- **Given data**:
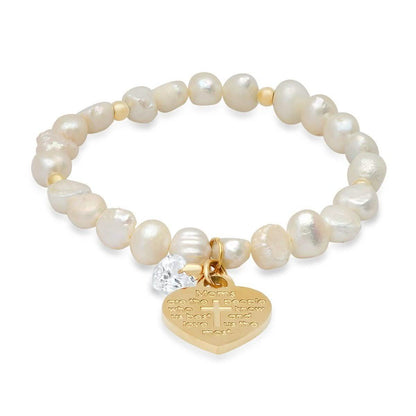Ladies Freshwater Pearls Heart Charm Swarovski Crystal Beaded Bracelet DailySale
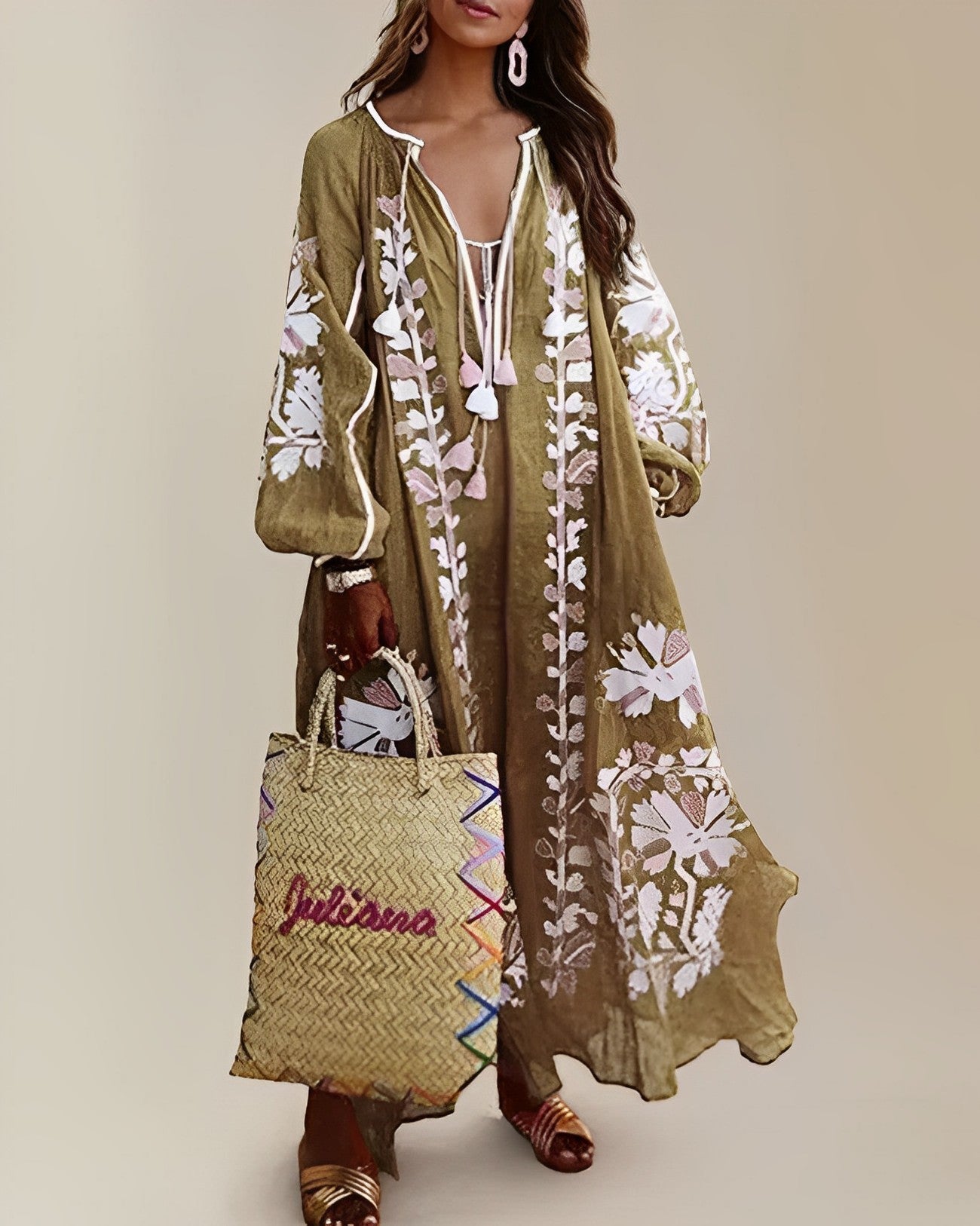 Maxikleid in Königsblau mit Stickerei – Boho Sommerkleid mit weitem Schnitt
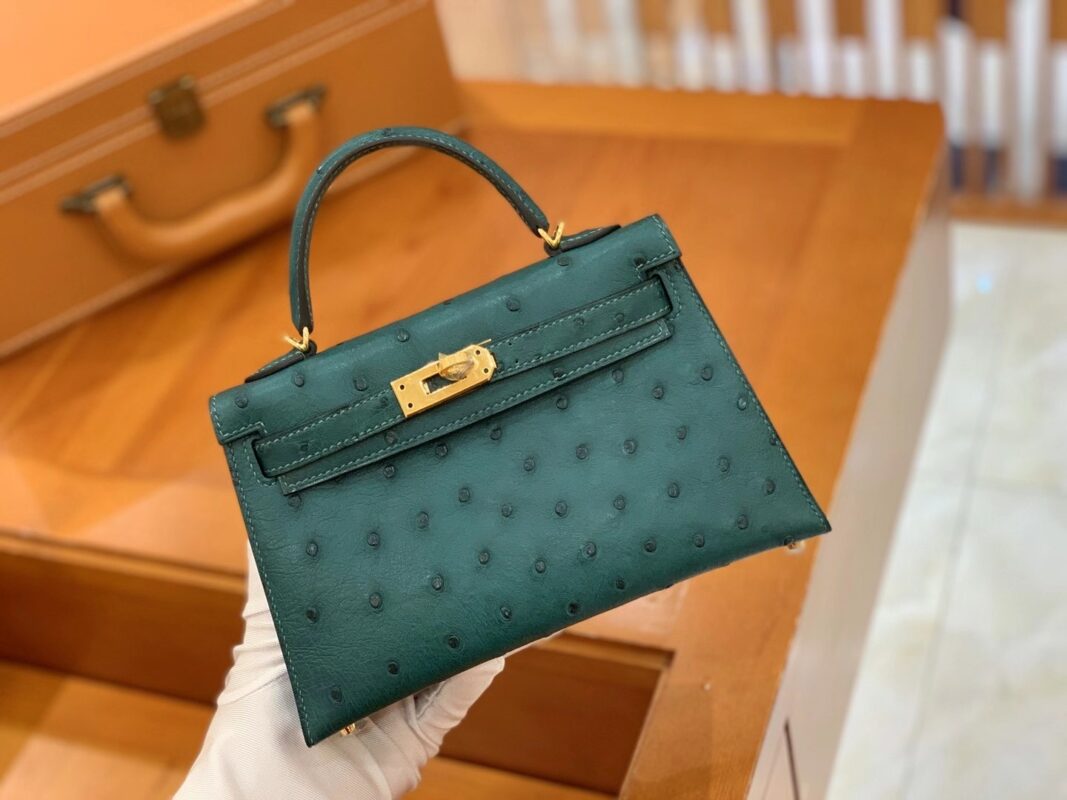 Mini Kelly Ostrich Malachite Green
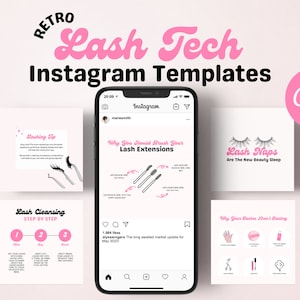 Lash Tech Instagram Post Template, Lash Artist Instagram Posts, Lash Tech Content, Lash Quotes Lash Social Media Bundle Lash Extension Posts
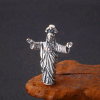 Retro Old-Fashioned Style Jesus Sterling Silver Pendant Necklace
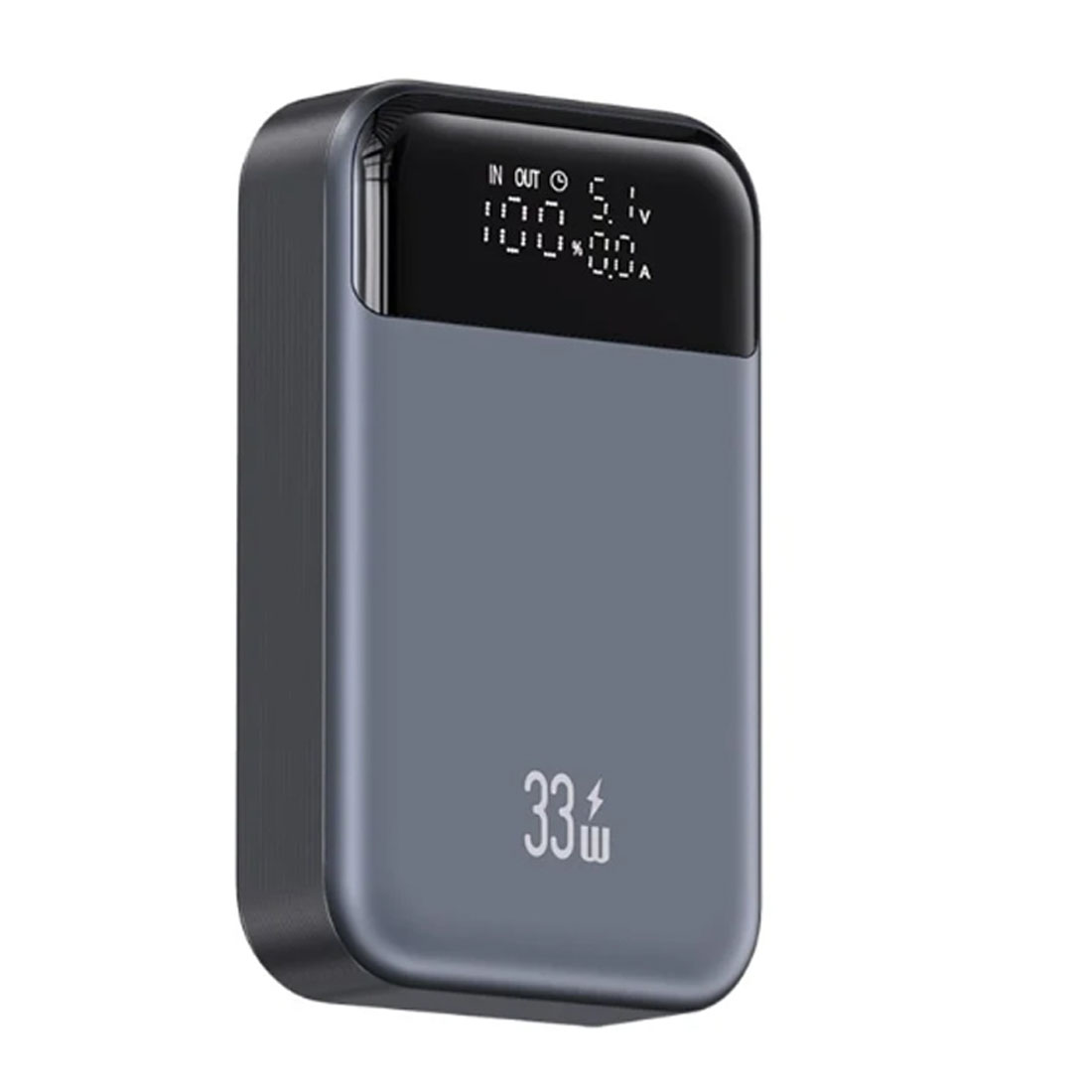 Внешний портативный аккумулятор, Power Bank USAMS PB74 US-CD221, 10000 mAh, 33W, Led дисплей, цвет темно серый Внешний портативный аккумулятор, Power Bank USAMS PB74 US-CD221, 10000 mAh, 33W, Led дисплей, цвет темно серый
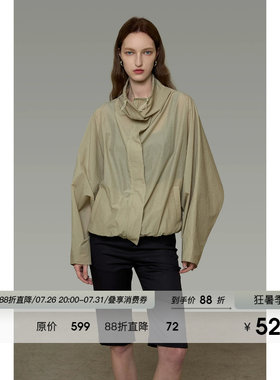 UNSPOKEN法式复古气质宽松设计感小众显瘦高级感蝙蝠袖短款外套女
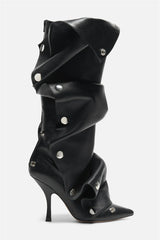 Isabela Appliqué Ruched Knee-high boots - Black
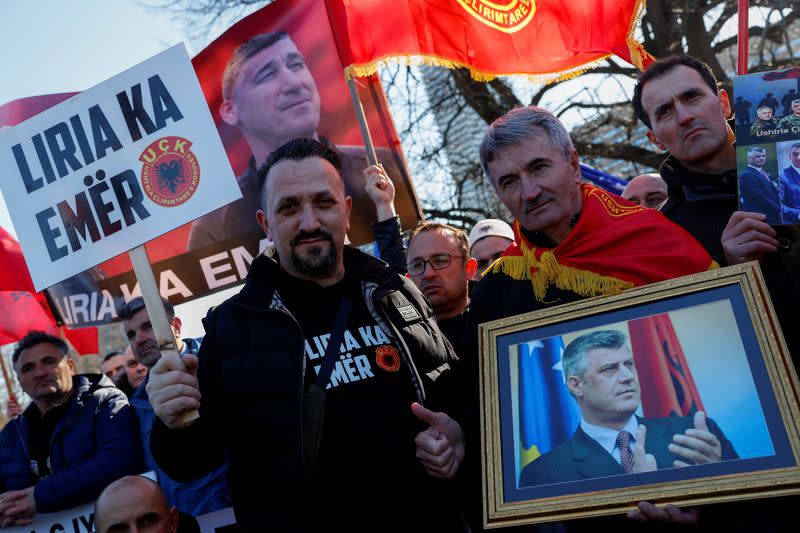 Protest in The Hague as Kosovo's ex-president Thaci goes on trial for war crimes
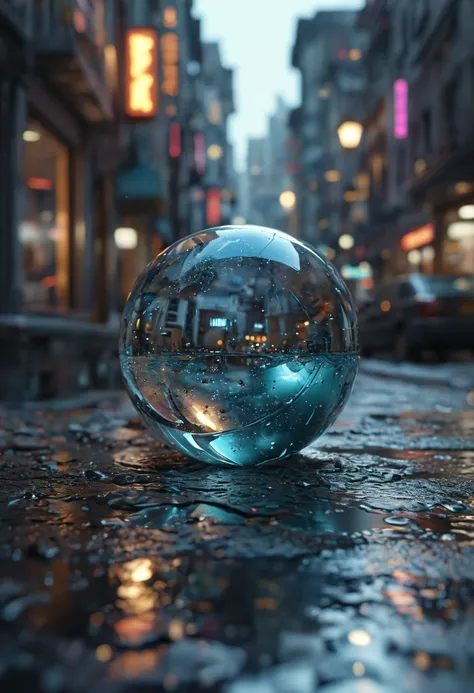 a close up of a glass ball on a wet surface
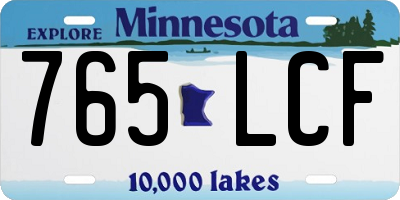 MN license plate 765LCF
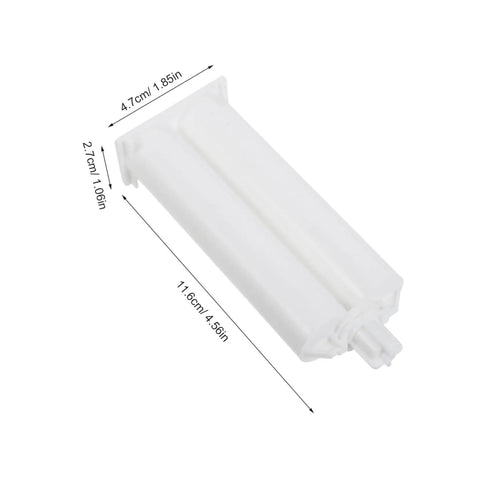 Dual Component Adhesive Dispenser Tubes With Precise Glue Dispensing And Steady Flow Control 50ml Resin Cartridges Portable Plastic Cartridges For Outdoor Repairs And Construction Projects, white plastic cartridge, 11.6cm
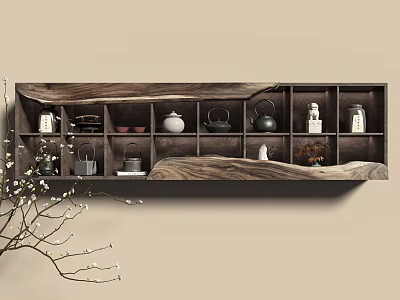 Traditional Chinese Curio Shelf in Dark Wood with Teapots Small Ornaments and Plum Blossom Twigs 3d model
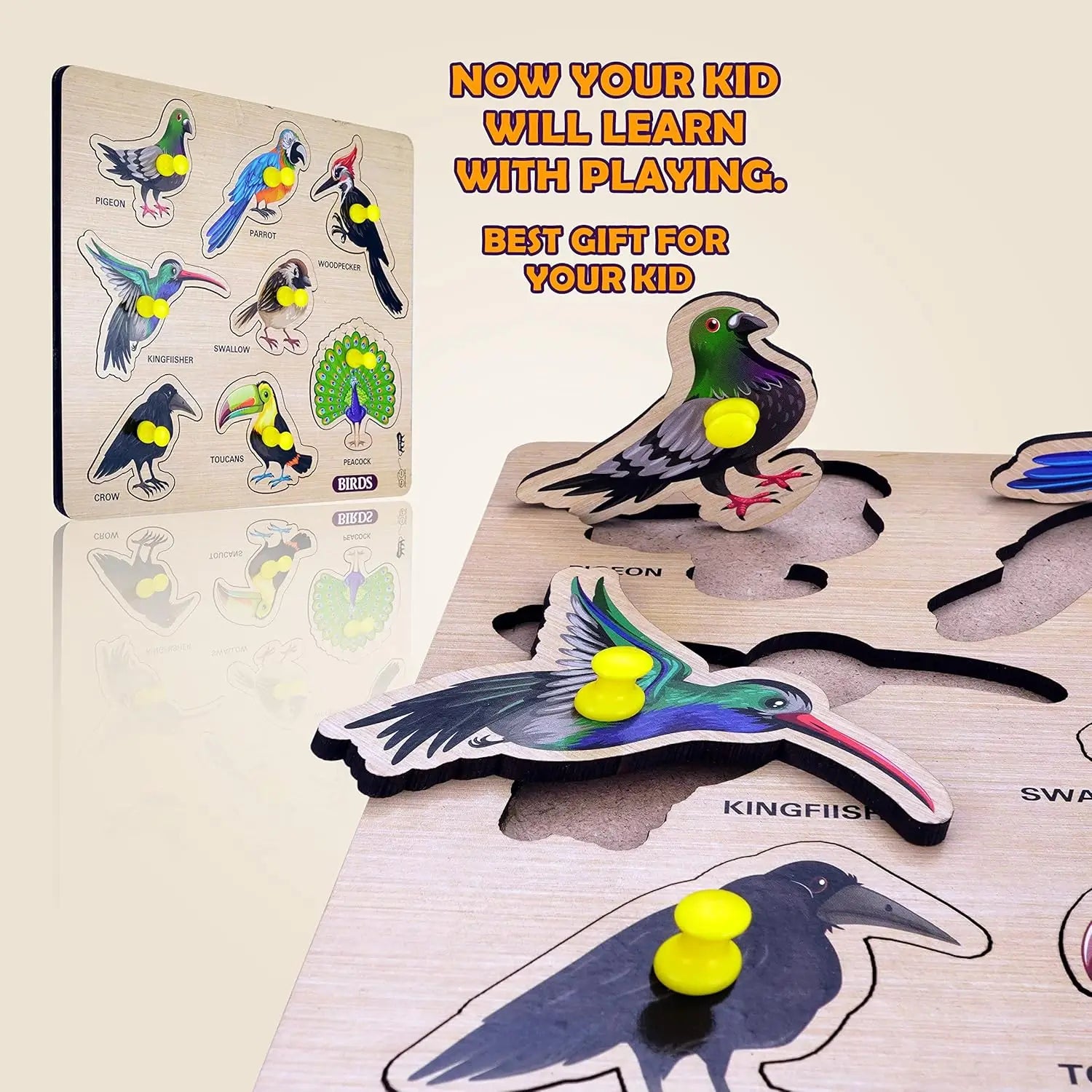 Wooden Birds Peg Puzzle Board for Kids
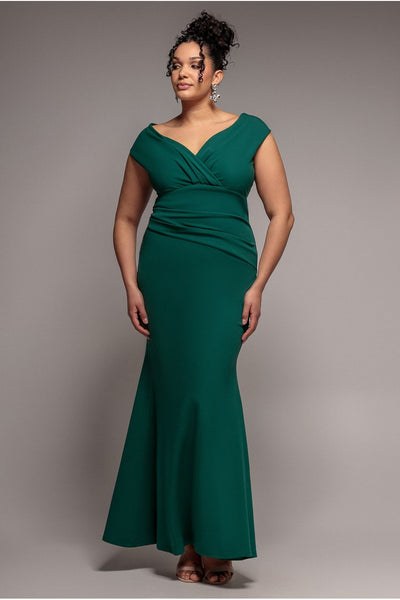 Bardot Pleated Maxi Dress - Emerald by Goddiva Plus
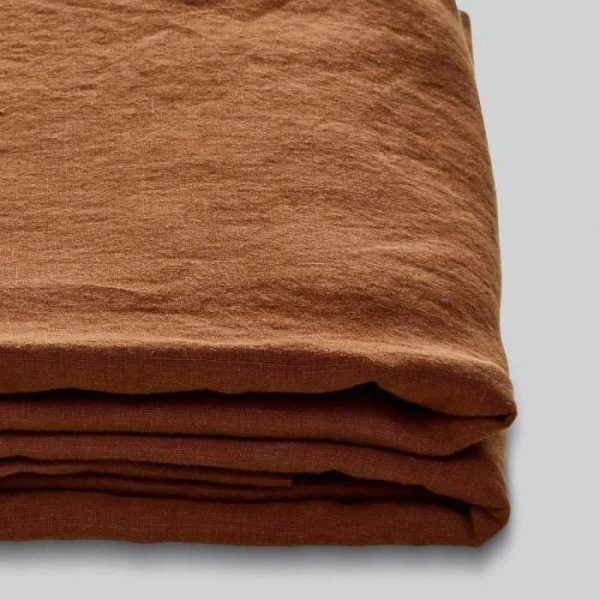 Bedding | 100% Pure Linen Duvet Cover Set – Rust, Twin US Bedding Bedding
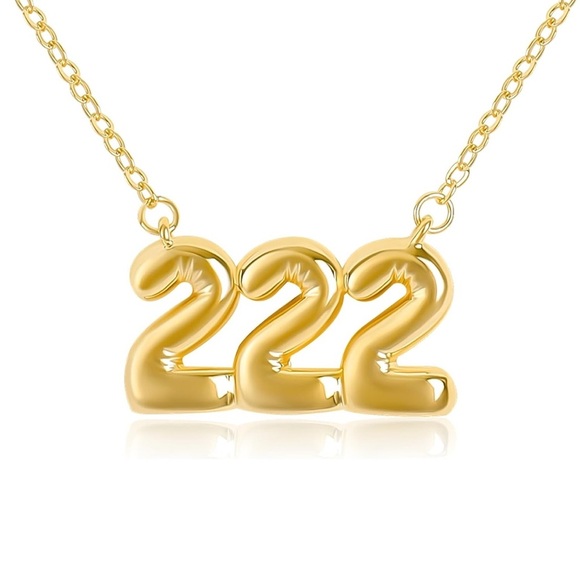 Angel numbers “222” bubble gold necklace - Picture 2 of 4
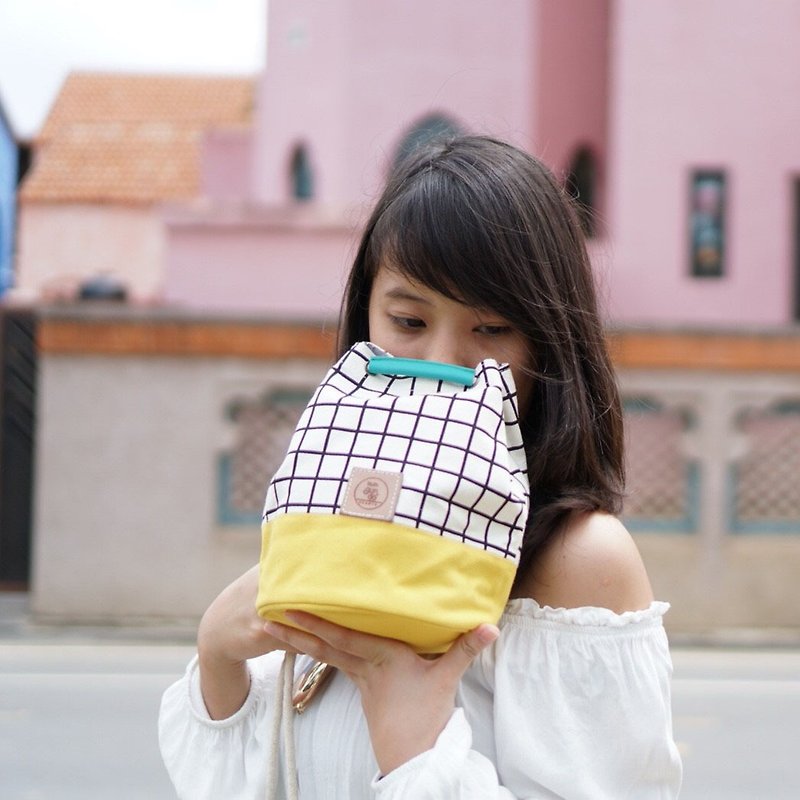 Mini Bucket Bag canvas fabric small size yellow colour and grid pattern - 侧背包/斜挎包 - 其他材质 黄色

- **What is required**:
Every entry is to be transcribed exactly, but the pictures are to be left out.

- **Exercise output**:
Ladies Freshwater Pearls Heart Charm Swarovski Crystal Beaded Bracelet DailySale
 Maxikleid in Königsblau mit Stickerei – Boho Sommerkleid mit weitem Schnitt
 Mini Kelly Ostrich Malachite Green
 Lash Tech Instagram Post Template, Lash Artist Instagram Posts, Lash Tech Content, Lash Quotes Lash Social Media Bundle Lash Extension Posts
 Retro Old-Fashioned Style Jesus Sterling Silver Pendant Necklace
 Внешний портативный аккумулятор, Power Bank USAMS PB74 US-CD221, 10000 mAh, 33W, Led дисплей, цвет темно серый Внешний портативный аккумулятор, Power Bank USAMS PB74 US-CD221, 10000 mAh, 33W, Led дисплей, цвет темно серый
 UNSPOKEN法式复古气质宽松设计感小众显瘦高级感蝙蝠袖短款外套女
 Isabela Appliqué Ruched Knee-high boots - Black
 Protest in The Hague as Kosovo's ex-president Thaci goes on trial for war crimes
 a close up of a glass ball on a wet surface
 MN license plate 765LCF
 Dual Component Adhesive Dispenser Tubes With Precise Glue Dispensing And Steady Flow Control 50ml Resin Cartridges Portable Plastic Cartridges For Outdoor Repairs And Construction Projects, white plastic cartridge, 11.6cm
 Traditional Chinese Curio Shelf in Dark Wood with Teapots Small Ornaments and Plum Blossom Twigs 3d model
 Wooden Birds Peg Puzzle Board for Kids
 Bardot Pleated Maxi Dress - Emerald by Goddiva Plus
 Bedding | 100% Pure Linen Duvet Cover Set – Rust, Twin US Bedding Bedding
 Angel numbers “222” bubble gold necklace - Picture 2 of 4
 Mini Bucket Bag canvas fabric small size yellow colour and grid pattern - 侧背包/斜挎包 - 其他材质 黄色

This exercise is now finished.